When you see a solar eclipse, you often think of the moon passing between the Earth and the sun, then temporarily blocking the sun’s light from reaching Earth. This alignment is known as syzygy (sounds like siz-uh-jee).
However, last week, the European Space Agency (ESA) launched two spacecraft that will aim to mimic the behaviour of the moon by creating an artificial solar eclipse for the first time ever. The idea? To demonstrate the readiness of a technology called precise formation flying (PFF) and to study the sun’s atmosphere, known as the corona. The mission is called Proba-3 (Project for On-Board Autonomy).
“Right now this [the corona] is a region of the sun that has been poorly investigated, and scientists nowadays don’t really understand some of the phenomenon that’s happening there,” Ester Bastida, Proba-3 systems engineer, said in a recent ESA video. Among the key questions about the corona that scientists want to understand is why it’s significantly hotter than the sun itself.
While the surface of the sun is at roughly 5,500 degrees Celsius (9,932 degrees Fahrenheit), the corona — the wispy outer atmosphere of the sun — can reach temperatures of 1-3 million degrees Celsius (1.8-5.4 million degrees Fahrenheit).
Although the circumference of the sun is roughly 4,373,000 kilometres (2,717,000 miles), solar flares from the corona can reach Earth, almost 150 million kilometres (93 million miles) away.
How does the Proba-3 create an eclipse?
The Proba-3 launched on December 5 at the Satish Dhawan Space Centre in India, one of the world’s most-used space launch facilities.

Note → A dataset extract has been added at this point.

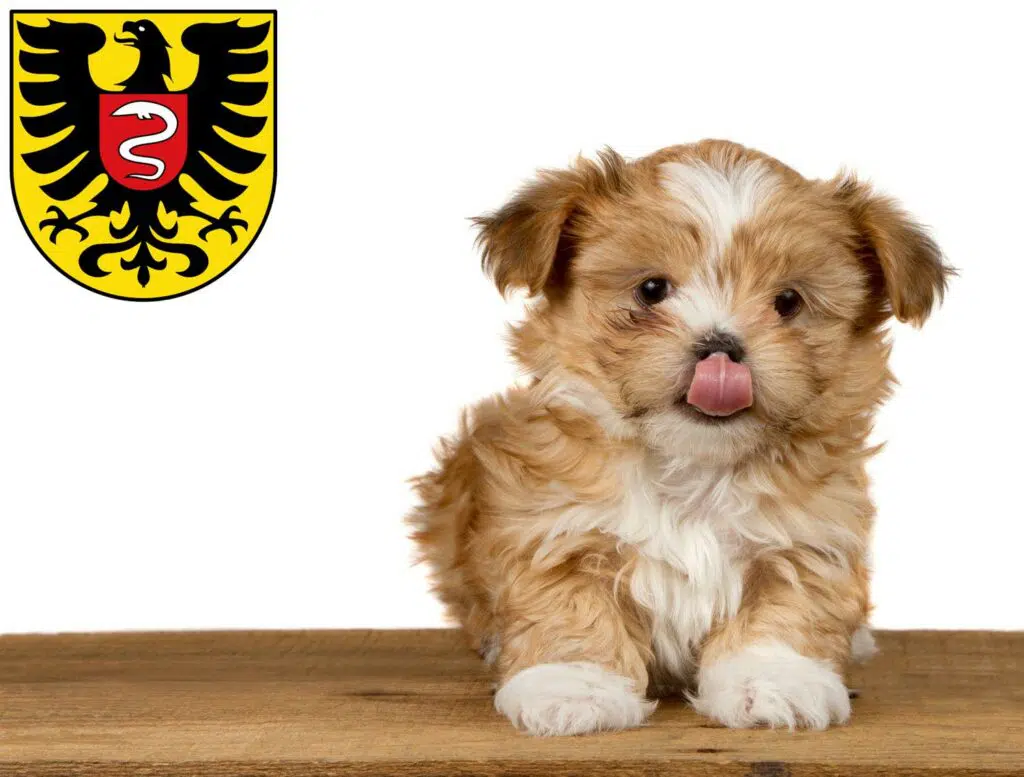 Shih Tzu Züchter mit Welpen Aalen, Baden-Württemberg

The two spacecraft satellites will be carried into space roughly 60,000km (37,280 miles) above Earth using the PSLV-C59 rocket, built by the Indian Space Research Organisation (ISRO). The Coronagraph Spacecraft (CSC) is responsible for guiding the Occulter (OSC), the second spacecraft that has a disk with a diameter of 140cm (55 inches), which will cast a controlled shadow onto the Coronagraph spacecraft.
According to the ESA, the two spacecraft will use precise formation flying (PFF) technology to position themselves exactly 150 metres (492 feet) apart, lining up with the sun “so that one spacecraft blocks out the brilliant solar disk for the other”.
The solar eclipse manoeuvre will need to have millimetre-level accuracy to succeed, creating a solar eclipse on demand for up to six hours so researchers can study the solar corona.
What are researchers hoping to accomplish during this mission?
One of the goals is to demonstrate the PFF technology, which uses GPS and inter-satellite radio links for initial positioning, while maintaining a precise distance between both the Coronagraph spacecraft and the Occulter spacecraft.
Initially, the two satellite spacecraft remain connected. But once separated, they can maintain formation — they will then be 25-250m (82-820 feet) apart.
The second goal is to use the built-in equipment that will observe the corona to understand why the corona is hotter than the sun. One of the instruments on board is a coronagraph — a telescopic device that helps block out light from a star or other very bright object so other things can be seen. The Proba-3 coronagraph has a long-winded name: Association of Spacecraft for Polarimetric and Imaging Investigation of the Corona of the Sun (ASPICCS).
This technology simulates the observational conditions of a total solar eclipse with remarkable accuracy, while eliminating the interference typically caused by the Earth’s atmosphere.
Why is this such a big deal?
The corona typically remains invisible due to its extremely low brightness, appearing a million times lighter than the sun’s bright surface. It only becomes visible to the naked eye during solar eclipses, when the moon blocks the sun’s intense light.
“By studying the sun corona, we can better predict space weather and extreme geomagnetic storms, which can cause major disruptions to satellites and systems on Earth,” the ESA said in a recent video on the mission.
Total solar eclipses are very rare — any spot on the Earth typically sees one only every 375 years, and they only last a few minutes.
If Proba-3, which has a 19-hour and 36-minute orbit, succeeds in its mission, scientists won’t need to wait. They will be able to study the corona for six hours in every orbital cycle of the mission.